- **Exercise instructions**:
Go to the line below that contains "Background banner image". From there to the end of the records, reproduce each line exactly, except the pictures.

- **Exercise data**:
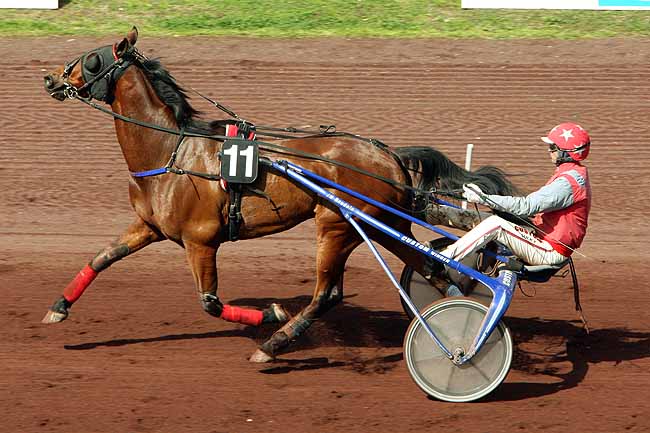 Arrivée quinté pmu PRIX DE LA CHARTREUSE à LYON LA SOIE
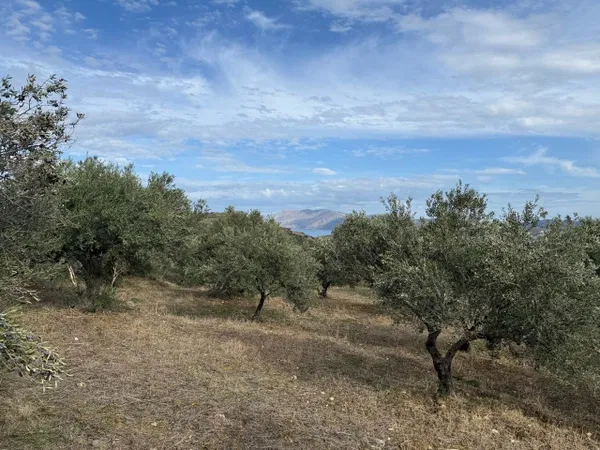 Sea-View 16,633 m² Plot for Sale in Kasteli Kissamos, Kissamos — photo 5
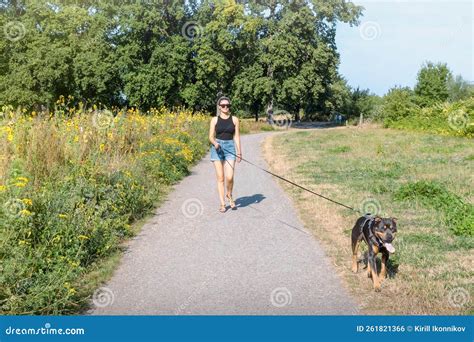 Long Automatic Dog Leash Woman On A Walk With A Dog American Stafford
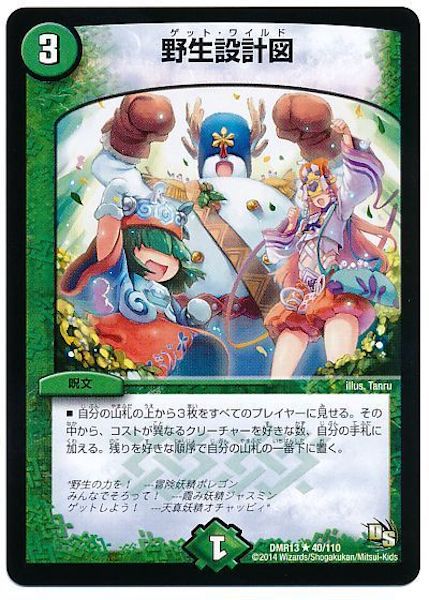 [DMR-13]野生設計図【R】40/110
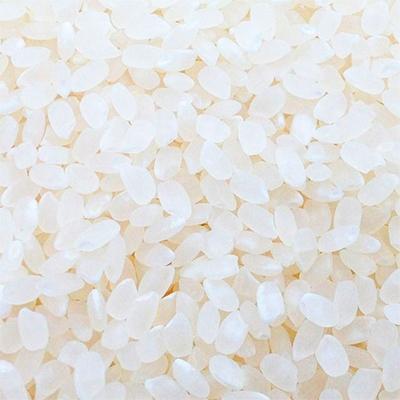 ふるさと納税 南魚沼市 特別栽培米　南魚沼産コシヒカリ 富三郎 無洗米 5kg |  | 03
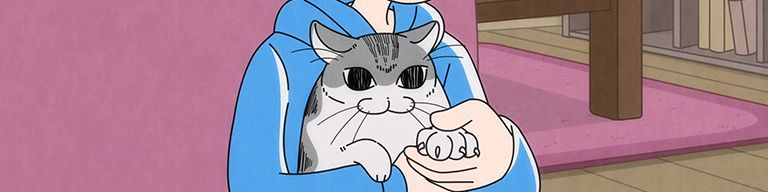 Background banner image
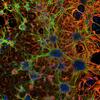 IGB Image of the month (June 2018)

- **Reply to the exercise**:
 Background banner image
 IGB Image of the month (June 2018)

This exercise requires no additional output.